Да, он действительно закис. Самогонщицы, бытовые ссоры, если повезёт — велосипед у кого-нибудь украдут или даже пацаны тачку угонят покататься. А в остальном — бумажки, бумажки, бумажки... И нехилый километраж пешим ходом по участку — по всем этим самогонщикам, дебоширам и прочим. Чувствовал себя так, словно срок мотает. Уже пятый год.

— Да мы тоже, если честно, какие-то никакие, — вздохнул Харламов. — Топчемся на месте, топчемся... А толку? Львович кряхтит: устроите мне висяка[1] — всех, на хрен, попру за несоответствие. А мы, веришь, и так из штанов выпрыгиваем! — вспомнил про пятно от кефира на ляжке, потёр. — Не хватает нам тебя, Андрюх! Фарта твоего и чуйки ищейской, ох, как не хватает!

— Не трави душу, Олеж! Отчуялась, похоже, моя чуйка. Чем дальше, тем больше понимаю, что не вылезу уже с участковых. Львович мои прошения о переводе уже, похоже, даже не читает, сразу отклоняет. Да оно и понятно — куда мне в оперативку-то? Маринка вон, от рук отбивается совсем. И главное, при мне — тише воды, а как без меня, так нянька воет с неё! Так что хорошо ещё, если не придётся вообще осесть где-нибудь в кабинете, бумажки перекладывать.  Дожился, блин, отличник уголовного розыска. — Отрешённо погонял по столу крышку от кефира. Усмехнулся: — Бывший.

— Ой, ну кончай, Андрюх! Опер бывшим не бывает, тебе ли не знать! А вообще, я давно говорю — жениться тебе надо. Не, серьёзно! Не хочешь заморачиваться с отношениями, так взял бы хоть какую-нибудь разведёнку с дитём. И ей за счастье — мужика нормального отхватила, и тебе хорошо — и баба регулярная, и дети под присмотром.

— Так, короче, — обрывая больную тему, поднялся Андрей, — это всё прекрасно, но мне пора. — Сунул в папку чистых листов, пару ручек и карандаш. — Василий! — В кабинет заглянул Петров. — Останься здесь, если Машков всё-таки подойдёт, что, конечно, вряд ли, возьмёшь с него объяснения по поводу мордобоя и угроз. Только аккуратнее с ним, он контуженный на всю бошку. Будет пытаться командовать, помалкивай в ответ, не нагнетай. Я сейчас к цыганам, потом по адресам. Вернусь после обеда.

Выйдя на улицу, ударили с Олегом по рукам:

— Давай, Андрюх, не кисни! И это, я тебе теперь два по поллитра должен, помню!

— Ты лучше в гости нарисуйся, с Маринкой воспитательную беседу проведи, крёстный, блин.

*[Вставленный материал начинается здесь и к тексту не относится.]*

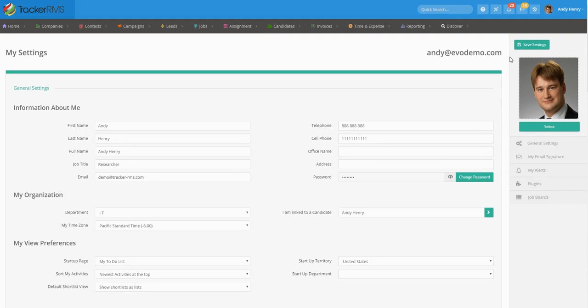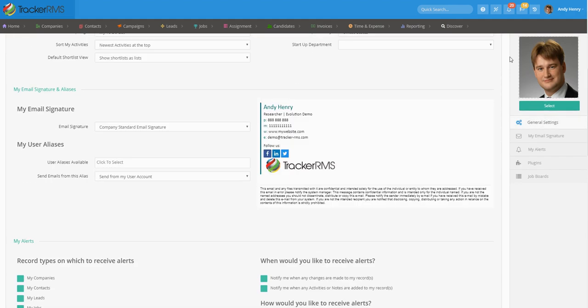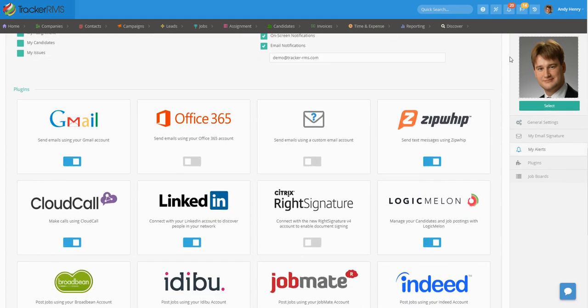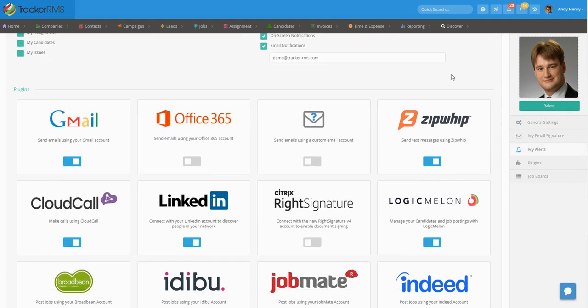From here, scroll down until you find the plugin section and locate the Zipwhip box.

— Ну замётано! Вот с кефиром и приду!

Харламов пошёл, а Андрей задержался у подъезда опорного пункта, докуривая. Смотрел другу в спину, на его приблатнённый походняк и оперативный, согласно поставленной задаче прикид биндюжника: видавший виды спортивный костюм и кеды, и снова завидовал.

***

— Лэйла, так где Бахтыр?

— Вот только что уехал! На неделю.

На все вопросы Андрея у старшей цыганки всегда были готовы ответы: уехал, не знаю, не помню, не видела, не брала, не понимаю... А вокруг носятся дети, целые полчища детей, аж голова кругом!

Небольшой цыганский табор переехал сюда откуда-то с Кубани примерно полгода назад. Вроде, погорельцы. Жили бедно, поэтому кучно: купили старый дом в частном секторе и застроили все шесть соток участка дополнительными жилыми сараями, чем вызвали недовольство местных жителей и головняк Иванова.

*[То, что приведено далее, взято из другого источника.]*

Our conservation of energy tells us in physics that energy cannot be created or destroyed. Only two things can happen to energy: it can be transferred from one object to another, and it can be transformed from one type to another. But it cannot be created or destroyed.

Но больше всего злило, что весь этот беспредел располагался почти на границе с участком Маруновского — каких-то пару сотен метров через трассу! Там тоже был частный сектор — живи, не хочу! Но нет, именно сюда припёрлись.

— Ты прошлый раз то же самое говорила. И клялась, что через неделю вернётся.

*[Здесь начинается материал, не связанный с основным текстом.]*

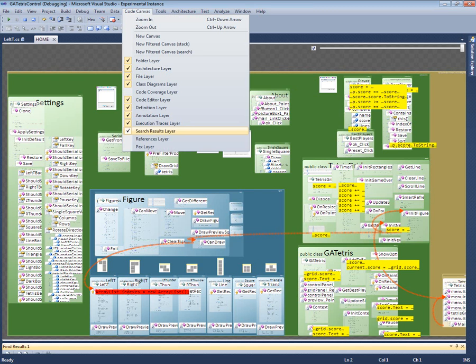For example, I can see that, so far in our execution, the only executed code that deals with scores is this initialization of the score to zero.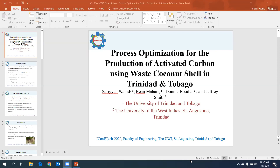The questioner identified himself as Rafi Hussein from UWI Chemical Engineering, and the presenter thanked him for his questions.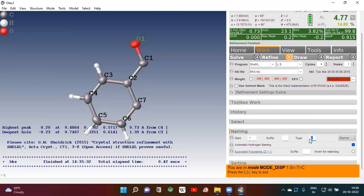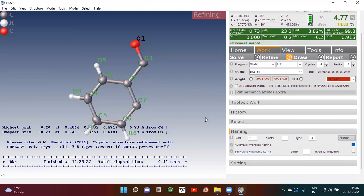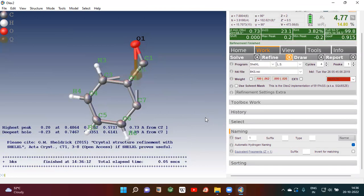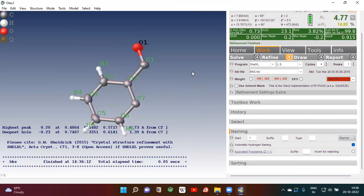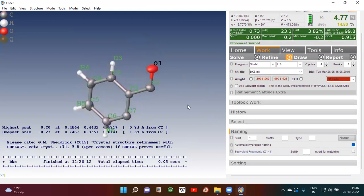Then you put the oxygen atom which is already named, but if you want, go and name it as O1. Now again you refine — whenever you make some changes you have to refine, then only it will be recorded.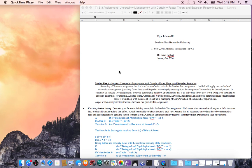Good afternoon and good evening, not sure what part you guys are on - East Coast or Central Standard Time - but we're going to go ahead and get this started. This is the first part according to Module 5 assignment: uncertainty management with certainty factor theory and Bayesian reasoning.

— Да? Ай, не помню, начальник!

— Значит, тогда ты за него слушай, — щёлкнул ручкой, приготовившись заполнять формуляр. — Последнее предписание вам — незаконные жилые постройки разобрать. Слышишь меня? Через неделю не уберёте, следующий раз на бульдозере приеду, ясно?

Глава 4

После планёрки и почти полуторачасовой писанины отчётов, наконец поехал домой. Но по дороге вышел из автобуса на пять остановок раньше, у стадиона на Ленина, и двинул к девятиэтажкам.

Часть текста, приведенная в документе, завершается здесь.